I have just started trying C++ AMP and I decided to give it a shot with the current project I am working on. At some point, I have to build a distance matrix for the vectors I have and I have written the code below for this

unsigned int samplesize=samplelist.size();
unsigned int vs = samplelist.front().size();

vector<double> samplevec(samplesize*vs);
vector<double> distancevec(samplesize*samplesize,0);

it1=samplelist.begin();

for(int i=0 ; i<samplesize; ++i){
    for(int j = 0 ; j<vs ; ++j){
        samplevec[j + i*vs] = (*it1)[j];
    }
    ++it1;
}

array_view<const double,2> samplearray(samplesize,vs,samplevec);
array_view<writeonly<double>,2> distances(samplesize,samplesize,distancevec);

parallel_for_each(distances.grid, [=](index<2> idx) restrict(direct3d){
    double sqrsum=0;
    double tempd=0;

    for ( unsigned int i=0 ; i<vs ; ++i)
    {
        tempd = samplearray(idx.x,i) - samplearray(idx.y,i);
        sqrsum += tempd*tempd;
    }
    distances[idx]=sqrsum;
}

However, as you can see, this does not take into account the symmetry property of distance matrices. When I calculate sqrsum of matrices i and j, I don't want to do the same calculation again when the order of the i and j are reversed. Is there any way to accomplish this? I came up with the following trick, but I don't know if this would bump up the performance significantly

    for ( unsigned int i=0 ; i<vs ; ++i)
    {
        if(idx.x<=idx.y){
            break;
        }

        tempd = samplearray(idx.x,i) - samplearray(idx.y,i);
        sqrsum += tempd*tempd;
    }

Can the if-condition do the job? Or do you think the if statement would hurt the performance unnecessarily? I couldn't came up with any alternative to it

BTW, I just noticed that the above written code does not work on my machine, whose gpu only supports single precision. Is there anything to do to get around that problem? Error message is as follows: "runtime_exception: Concurrency;;parallel_for_each uses features unsupported by the selected accelerator. ID3D11Device::CreateComputeShader: Shader uses double precision float ops which are not supported on the current device."

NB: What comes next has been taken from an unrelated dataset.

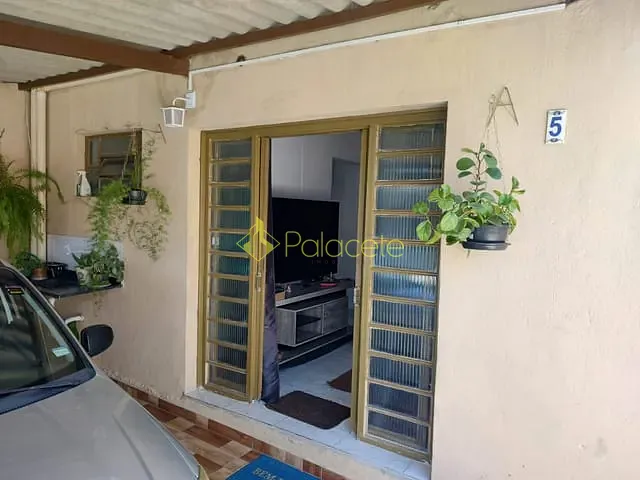 Casa com 440m² 2 quartos e 3 banheiros, à venda, no bairro Cidade Nova em Pindamonhangaba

I think you can eliminate if-condition, if you would schedule only as many threads as you need, instead of scheduling entire rectangle that covers your output matrix. What you need is upper or lower triangle without diagonal, which you can calculate using arithmetic sequence.

The alternative would be to organize input data such that it is in two 1D vectors, each thread would read value from vector 1, then vector 2 and calculate distance and store it in one of the input vectors.

Finally, the error on double precision shows up, because the card you are using does not support double precision operations. Please check your card specification to confirm that. You can workaround it by switching to single precision type i.e. "float" in array_view template.